Last week I was having a pity party (table for one please). My work projects were all in a state of chaos or on life support. I was feeling kind of blue. Frustrated. Angry. Dare I say bitchy? (Mostly bitchy.)
So, I wrote a sad sack poem about my feelings. It was really less of a poem and more of a list.
I like lists.
I like grocery lists.
I like To-Do lists.
I like gratitude lists.
I like lists for when things are bugging me. (Since this is the opposite of gratitude, I call them my attitude lists.)
Lists help me think. They help me clear the cobwebs out of my brain.
I was planning to just post the list of my feelings under the guise that it was poetry… but it wasn’t really poetry.

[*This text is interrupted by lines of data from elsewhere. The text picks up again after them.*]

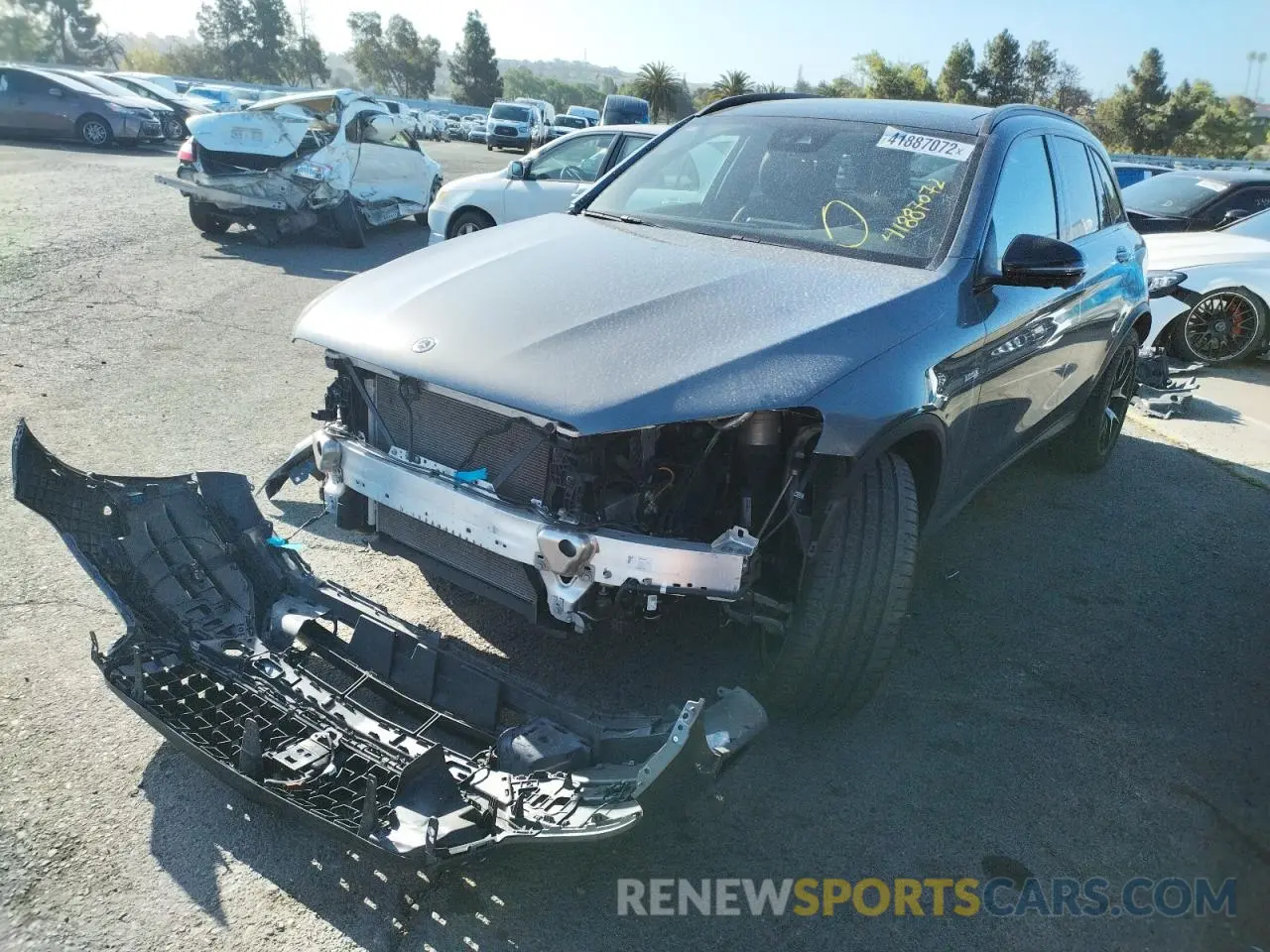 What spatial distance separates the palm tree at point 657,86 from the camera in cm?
5659

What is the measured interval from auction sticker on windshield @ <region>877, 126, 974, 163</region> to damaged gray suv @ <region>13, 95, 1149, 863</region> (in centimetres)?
2

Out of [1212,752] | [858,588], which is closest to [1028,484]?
[1212,752]

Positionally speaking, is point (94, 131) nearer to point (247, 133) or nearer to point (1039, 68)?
point (247, 133)

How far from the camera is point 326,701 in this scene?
2.71 m

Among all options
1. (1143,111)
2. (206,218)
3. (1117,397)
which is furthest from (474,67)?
(1117,397)

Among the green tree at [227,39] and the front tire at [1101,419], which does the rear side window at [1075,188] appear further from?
the green tree at [227,39]

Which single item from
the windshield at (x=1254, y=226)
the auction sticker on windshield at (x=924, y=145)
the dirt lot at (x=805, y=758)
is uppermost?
the auction sticker on windshield at (x=924, y=145)

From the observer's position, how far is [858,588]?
9.24ft

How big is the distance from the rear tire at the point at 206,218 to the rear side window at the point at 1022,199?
32.0 feet

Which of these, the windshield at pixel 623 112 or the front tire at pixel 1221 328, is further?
the windshield at pixel 623 112

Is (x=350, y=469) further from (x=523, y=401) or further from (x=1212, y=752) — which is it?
(x=1212, y=752)

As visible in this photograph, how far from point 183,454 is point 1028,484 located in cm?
478

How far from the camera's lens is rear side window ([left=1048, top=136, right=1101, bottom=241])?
4289mm

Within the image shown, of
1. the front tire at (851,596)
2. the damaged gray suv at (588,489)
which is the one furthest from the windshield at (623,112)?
the front tire at (851,596) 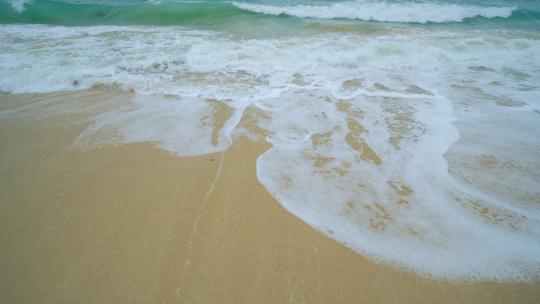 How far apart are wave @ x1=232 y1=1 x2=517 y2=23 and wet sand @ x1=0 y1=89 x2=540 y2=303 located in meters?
11.3

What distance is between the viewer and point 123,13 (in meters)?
11.9

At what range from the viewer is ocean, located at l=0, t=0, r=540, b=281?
2318mm

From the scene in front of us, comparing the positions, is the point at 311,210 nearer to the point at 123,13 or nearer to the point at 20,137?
the point at 20,137

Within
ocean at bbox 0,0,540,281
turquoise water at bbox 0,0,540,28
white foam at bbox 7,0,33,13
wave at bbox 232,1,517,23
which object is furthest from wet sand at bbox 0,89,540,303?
white foam at bbox 7,0,33,13

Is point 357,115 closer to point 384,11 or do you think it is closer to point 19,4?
point 384,11

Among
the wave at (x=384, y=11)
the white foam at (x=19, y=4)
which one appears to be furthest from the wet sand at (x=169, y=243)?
the white foam at (x=19, y=4)

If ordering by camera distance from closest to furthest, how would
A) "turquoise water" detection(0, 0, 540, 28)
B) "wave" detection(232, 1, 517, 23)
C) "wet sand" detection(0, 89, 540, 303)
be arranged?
"wet sand" detection(0, 89, 540, 303)
"turquoise water" detection(0, 0, 540, 28)
"wave" detection(232, 1, 517, 23)

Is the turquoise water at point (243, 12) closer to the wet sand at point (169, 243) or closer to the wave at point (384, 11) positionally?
the wave at point (384, 11)

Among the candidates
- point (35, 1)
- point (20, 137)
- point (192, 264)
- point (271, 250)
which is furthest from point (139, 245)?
point (35, 1)

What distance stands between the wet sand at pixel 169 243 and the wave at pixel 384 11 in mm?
11349

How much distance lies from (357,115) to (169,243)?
120 inches

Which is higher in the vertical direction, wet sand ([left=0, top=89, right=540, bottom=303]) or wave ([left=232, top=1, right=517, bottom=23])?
wave ([left=232, top=1, right=517, bottom=23])

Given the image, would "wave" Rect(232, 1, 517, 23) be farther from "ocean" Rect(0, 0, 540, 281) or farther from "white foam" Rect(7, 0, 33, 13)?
"white foam" Rect(7, 0, 33, 13)

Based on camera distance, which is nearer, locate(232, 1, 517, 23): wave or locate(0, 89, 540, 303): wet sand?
locate(0, 89, 540, 303): wet sand
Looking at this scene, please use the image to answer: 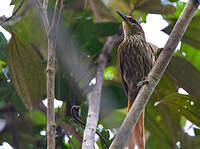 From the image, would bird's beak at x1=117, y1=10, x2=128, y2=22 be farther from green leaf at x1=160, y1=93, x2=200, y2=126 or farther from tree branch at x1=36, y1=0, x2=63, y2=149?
tree branch at x1=36, y1=0, x2=63, y2=149

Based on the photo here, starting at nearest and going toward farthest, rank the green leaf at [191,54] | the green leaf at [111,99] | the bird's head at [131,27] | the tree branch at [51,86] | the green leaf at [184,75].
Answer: the tree branch at [51,86]
the green leaf at [184,75]
the green leaf at [111,99]
the green leaf at [191,54]
the bird's head at [131,27]

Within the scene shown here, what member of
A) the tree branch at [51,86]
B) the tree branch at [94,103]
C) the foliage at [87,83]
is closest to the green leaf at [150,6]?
the foliage at [87,83]

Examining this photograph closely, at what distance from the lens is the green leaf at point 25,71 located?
7.34 feet

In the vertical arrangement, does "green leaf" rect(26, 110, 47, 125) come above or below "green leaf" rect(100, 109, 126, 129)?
above

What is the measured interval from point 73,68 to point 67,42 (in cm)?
20

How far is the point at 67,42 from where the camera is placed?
275 centimetres

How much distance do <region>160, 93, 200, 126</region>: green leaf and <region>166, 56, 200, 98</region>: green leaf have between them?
0.15 m

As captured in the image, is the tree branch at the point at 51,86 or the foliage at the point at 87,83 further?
the foliage at the point at 87,83

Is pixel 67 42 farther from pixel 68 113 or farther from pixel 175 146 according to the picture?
pixel 175 146

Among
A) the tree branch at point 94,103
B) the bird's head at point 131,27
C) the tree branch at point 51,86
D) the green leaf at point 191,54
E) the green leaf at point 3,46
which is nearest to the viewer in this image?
the tree branch at point 51,86

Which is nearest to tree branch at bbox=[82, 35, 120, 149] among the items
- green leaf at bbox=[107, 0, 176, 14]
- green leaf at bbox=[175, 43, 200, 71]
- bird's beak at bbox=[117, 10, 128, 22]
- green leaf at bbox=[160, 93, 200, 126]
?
bird's beak at bbox=[117, 10, 128, 22]

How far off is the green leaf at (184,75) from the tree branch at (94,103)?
510mm

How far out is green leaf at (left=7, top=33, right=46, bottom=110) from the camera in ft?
7.34

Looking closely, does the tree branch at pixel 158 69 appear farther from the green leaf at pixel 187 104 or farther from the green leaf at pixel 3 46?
the green leaf at pixel 3 46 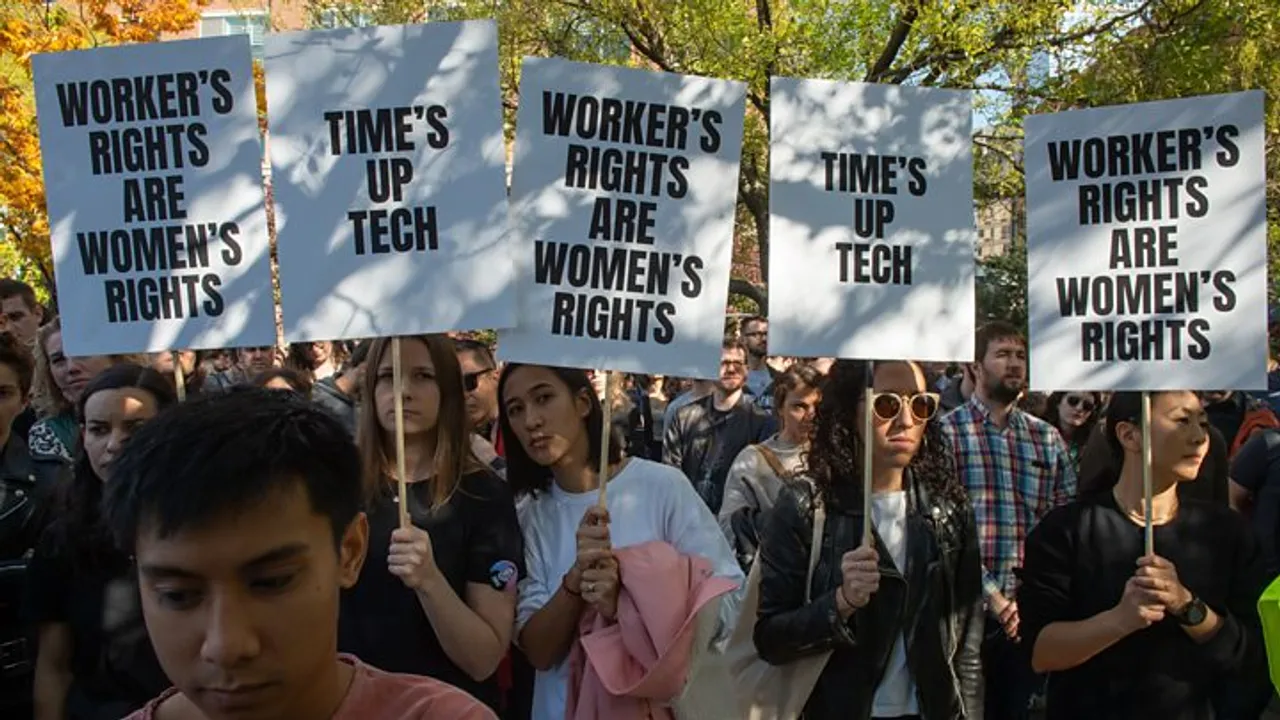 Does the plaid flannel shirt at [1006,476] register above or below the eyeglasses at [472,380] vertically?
below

It wasn’t particularly insightful.
It certainly wasn’t witty.
I would have been better off posting my grocery list... which might have been more entertaining.
But when I wrote my list/poem, I was hoping to kill two birds with one stone:
1) Write my way out of a bad mood.
2) Write something that I could post today.
But that didn’t happen.
So our family dinner conversation was consumed with my complaining about my frustrations at work. I was lamenting to my husband that all of my projects seemed to be blowing up all at once. While in mid-rant, my 13-year-old daughter looked up from her spaghetti and meatballs and asked me this:
“Mom, of all the producers you have ever worked with, which ones had success right away?” The question stopped me in my tracks. I thought long and hard and finally said,
“None of them. It takes years to get even one project off the ground.”
She smiled and said, “So why would it be any different for you? Success takes time. Just keep going.”
Wait a minute! Did my 13-year-old daughter just give me advice? Is she actually paying attention to things I have taught her? Things I have said? Is this the same daughter who can’t remember to pick up her wet towel off the floor every day?
Yes, it is.
Her words were so simple and yet so perfect. For this one moment, I stepped out of my self-indulgent, panic-induced, stress-riddled, producer-ranting, irritated professional-self, and took stock in a joyous moment of motherhood.
My daughter is paying attention. Not just to me. But to the world. She is able to assimilate a lot of amorphous information and distill it down to a few words of wisdom. My daughter is compassionate, insightful… and 100% correct. My daughter is listening. This means she is learning... and in turn, I am learning too. I am reminded (yet again) that everything takes time: My producing career. Raising a child. Even this blog post.
So this week’s life lesson (and post) is dedicated to my daughter. It is her sage words of advice that I am sharing because we all need the reminder (especially on Mondays):
Just Keep Going.
P.S. Her wet towel was on the floor again this morning, but she gets a free pass today.